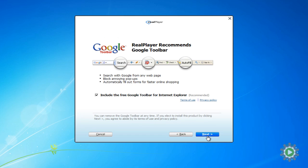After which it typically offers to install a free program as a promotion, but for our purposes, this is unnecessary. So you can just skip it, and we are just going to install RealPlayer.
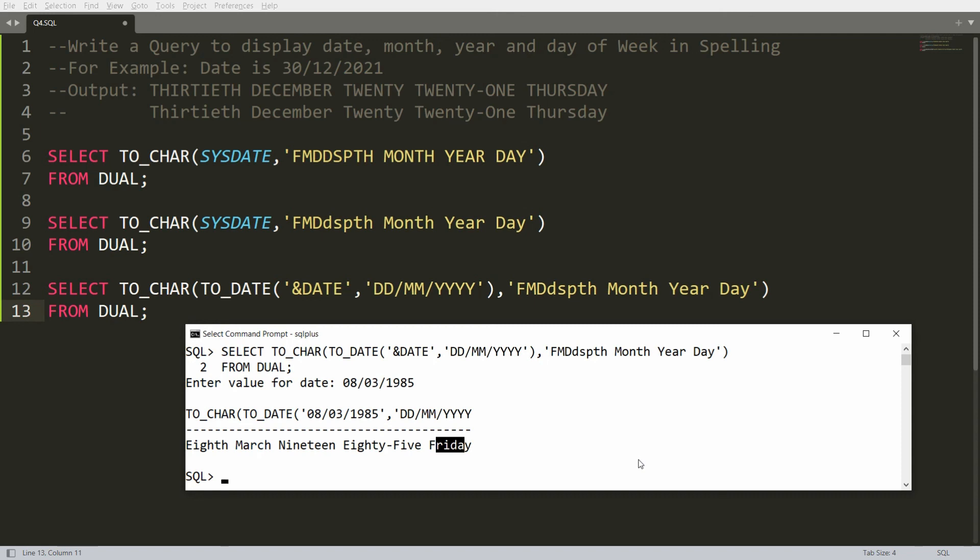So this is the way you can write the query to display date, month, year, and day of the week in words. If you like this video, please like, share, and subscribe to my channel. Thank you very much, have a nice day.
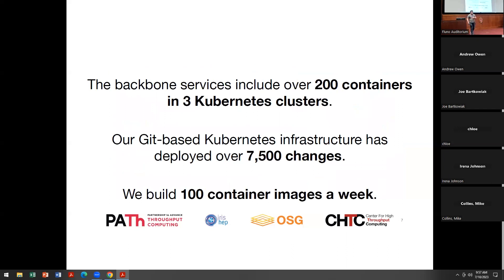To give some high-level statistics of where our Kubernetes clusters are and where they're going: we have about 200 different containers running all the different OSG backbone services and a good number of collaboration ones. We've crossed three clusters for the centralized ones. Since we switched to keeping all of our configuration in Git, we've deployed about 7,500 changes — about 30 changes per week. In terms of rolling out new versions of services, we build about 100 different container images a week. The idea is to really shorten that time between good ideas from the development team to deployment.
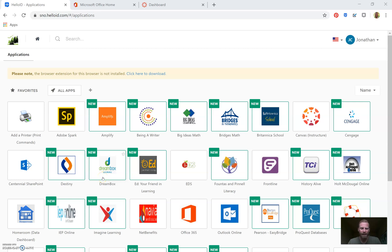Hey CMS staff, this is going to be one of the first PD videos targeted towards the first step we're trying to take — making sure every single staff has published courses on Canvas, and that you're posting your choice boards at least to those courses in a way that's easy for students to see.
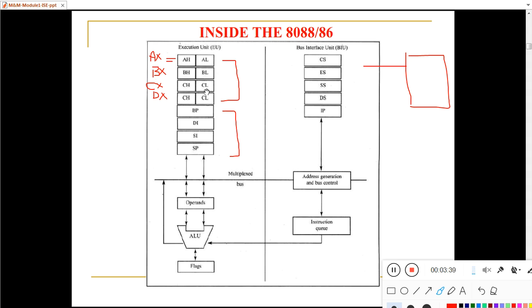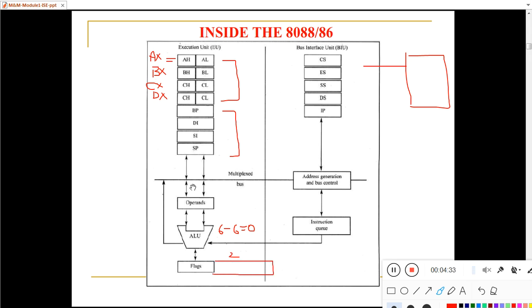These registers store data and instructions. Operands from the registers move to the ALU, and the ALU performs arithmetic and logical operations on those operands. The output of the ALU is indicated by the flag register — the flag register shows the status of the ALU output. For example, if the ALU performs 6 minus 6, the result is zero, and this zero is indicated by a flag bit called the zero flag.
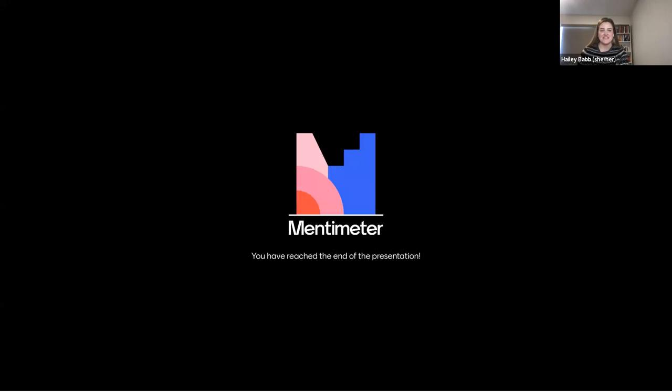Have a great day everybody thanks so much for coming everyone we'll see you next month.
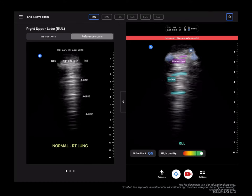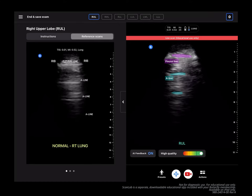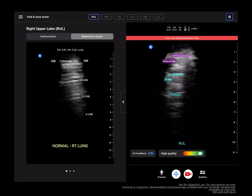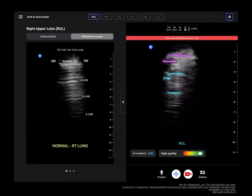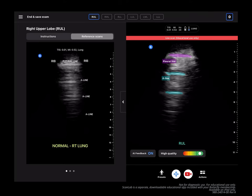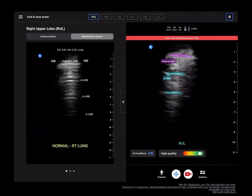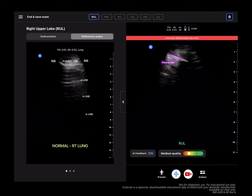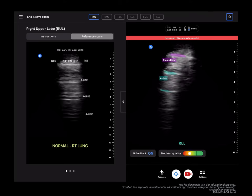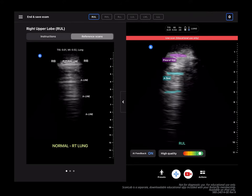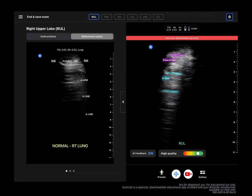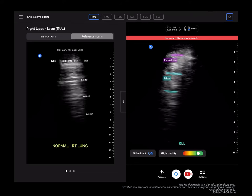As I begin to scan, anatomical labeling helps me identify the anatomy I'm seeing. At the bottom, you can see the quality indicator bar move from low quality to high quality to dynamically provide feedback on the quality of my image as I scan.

---

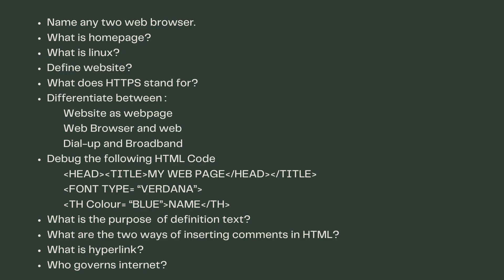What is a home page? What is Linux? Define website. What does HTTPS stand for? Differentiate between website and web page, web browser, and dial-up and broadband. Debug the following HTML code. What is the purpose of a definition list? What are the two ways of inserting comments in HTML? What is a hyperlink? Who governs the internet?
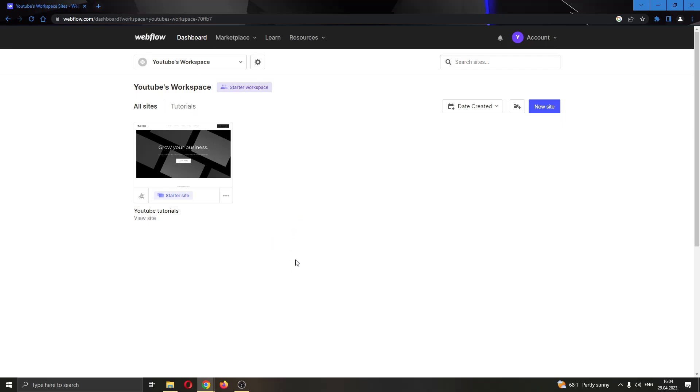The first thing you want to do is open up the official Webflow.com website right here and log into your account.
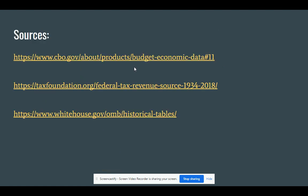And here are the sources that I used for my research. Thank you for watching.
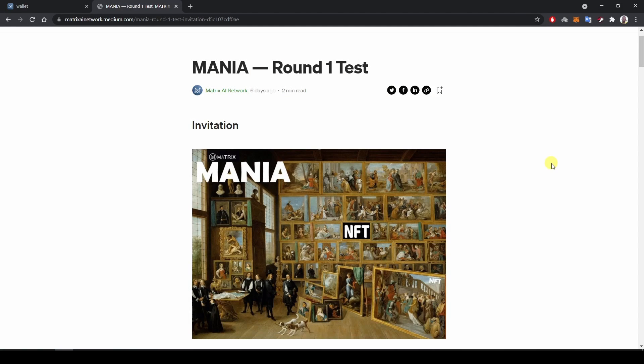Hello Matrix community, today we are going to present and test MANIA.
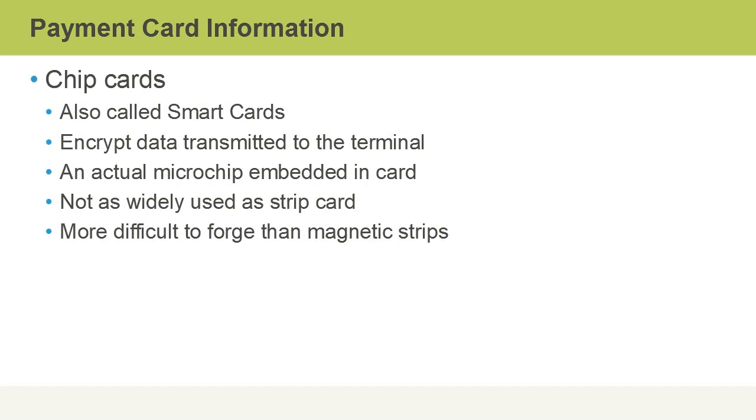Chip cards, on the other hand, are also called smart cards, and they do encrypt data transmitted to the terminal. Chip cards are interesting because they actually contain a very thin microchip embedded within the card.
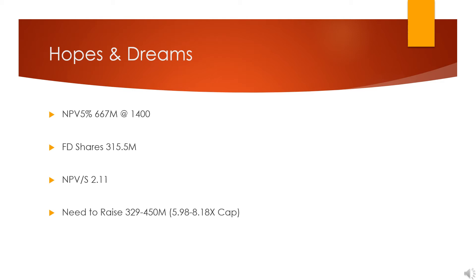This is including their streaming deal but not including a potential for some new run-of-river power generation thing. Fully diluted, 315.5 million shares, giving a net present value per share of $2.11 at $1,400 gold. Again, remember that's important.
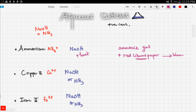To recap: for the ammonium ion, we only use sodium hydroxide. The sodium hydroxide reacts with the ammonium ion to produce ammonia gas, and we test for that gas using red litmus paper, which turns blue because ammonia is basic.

--

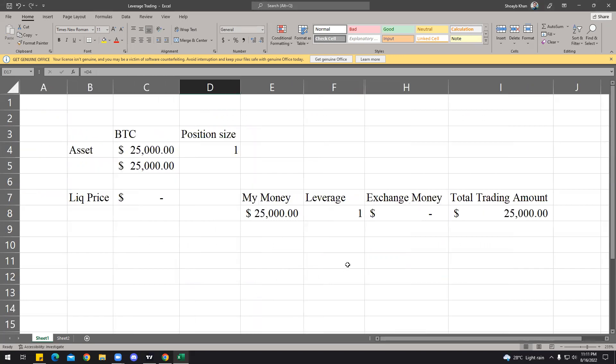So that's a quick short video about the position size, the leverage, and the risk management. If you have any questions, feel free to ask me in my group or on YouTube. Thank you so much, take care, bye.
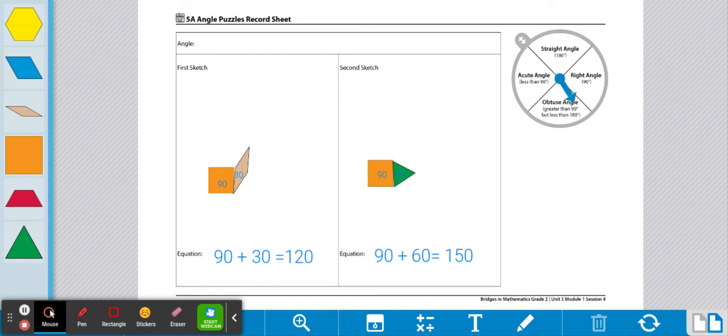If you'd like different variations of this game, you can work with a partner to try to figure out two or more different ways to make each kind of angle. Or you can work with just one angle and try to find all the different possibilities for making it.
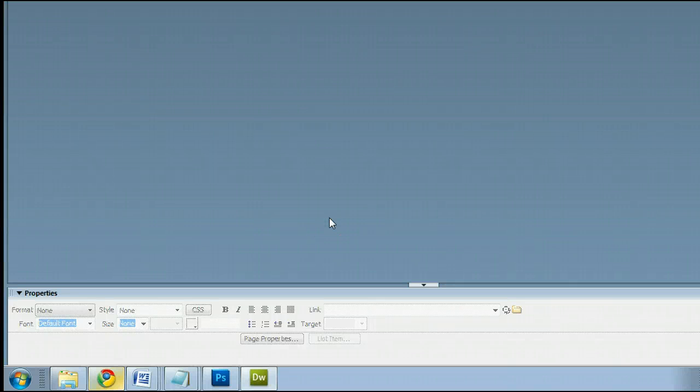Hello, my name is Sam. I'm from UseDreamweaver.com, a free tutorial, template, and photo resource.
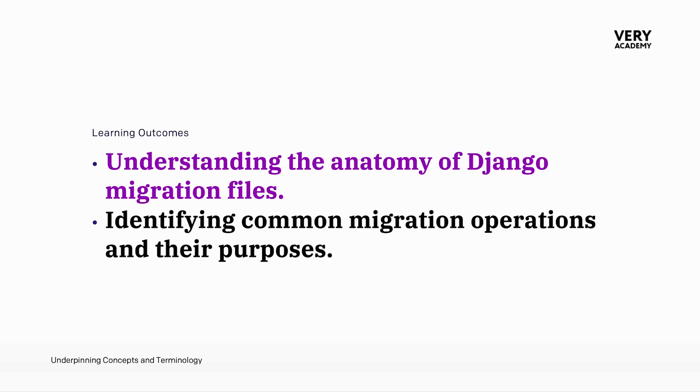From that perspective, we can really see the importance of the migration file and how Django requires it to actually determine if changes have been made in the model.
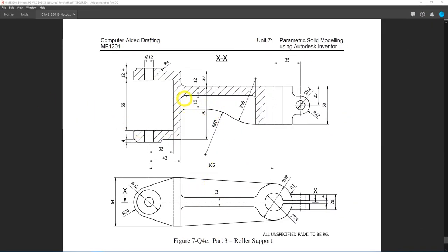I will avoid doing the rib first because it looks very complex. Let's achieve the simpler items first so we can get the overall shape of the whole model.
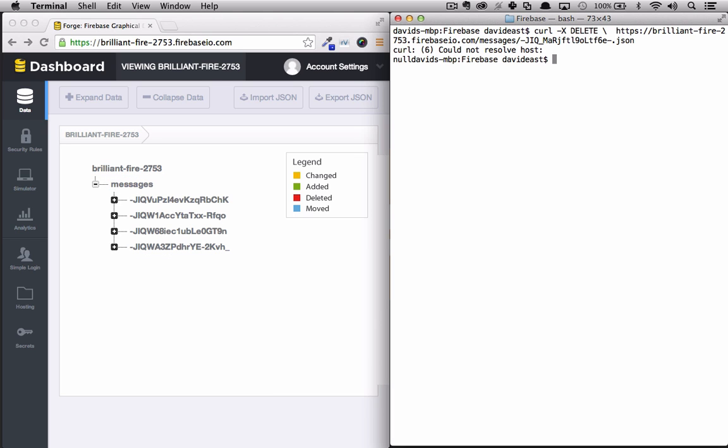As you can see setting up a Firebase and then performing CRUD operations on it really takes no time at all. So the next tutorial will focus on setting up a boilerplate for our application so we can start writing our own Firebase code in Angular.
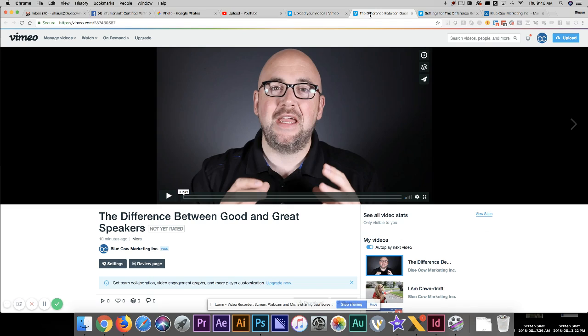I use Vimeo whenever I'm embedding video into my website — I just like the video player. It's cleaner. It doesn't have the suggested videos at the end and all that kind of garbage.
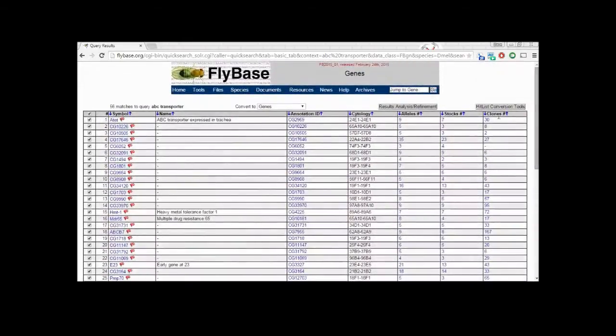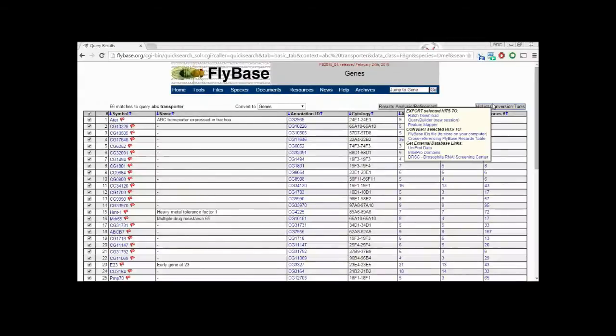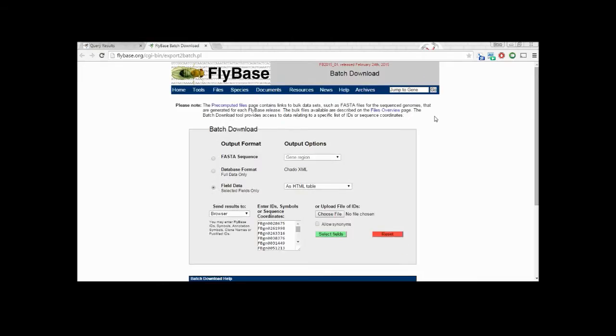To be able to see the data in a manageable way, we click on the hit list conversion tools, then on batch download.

Required work -> Output should consist of the lines above from the one with "What is a home" down to the one with "To recap: for", exact and without pictures.

Solved problem ->
What is a home page? What is Linux? Define website. What does HTTPS stand for? Differentiate between website and web page, web browser, and dial-up and broadband. Debug the following HTML code. What is the purpose of a definition list? What are the two ways of inserting comments in HTML? What is a hyperlink? Who governs the internet?
The first thing you want to do is open up the official Webflow.com website right here and log into your account.
And here are the sources that I used for my research. Thank you for watching.
Hello Matrix community, today we are going to present and test MANIA.
Chip cards, on the other hand, are also called smart cards, and they do encrypt data transmitted to the terminal. Chip cards are interesting because they actually contain a very thin microchip embedded within the card.
This is including their streaming deal but not including a potential for some new run-of-river power generation thing. Fully diluted, 315.5 million shares, giving a net present value per share of $2.11 at $1,400 gold. Again, remember that's important.
To recap: for the ammonium ion, we only use sodium hydroxide. The sodium hydroxide reacts with the ammonium ion to produce ammonia gas, and we test for that gas using red litmus paper, which turns blue because ammonia is basic.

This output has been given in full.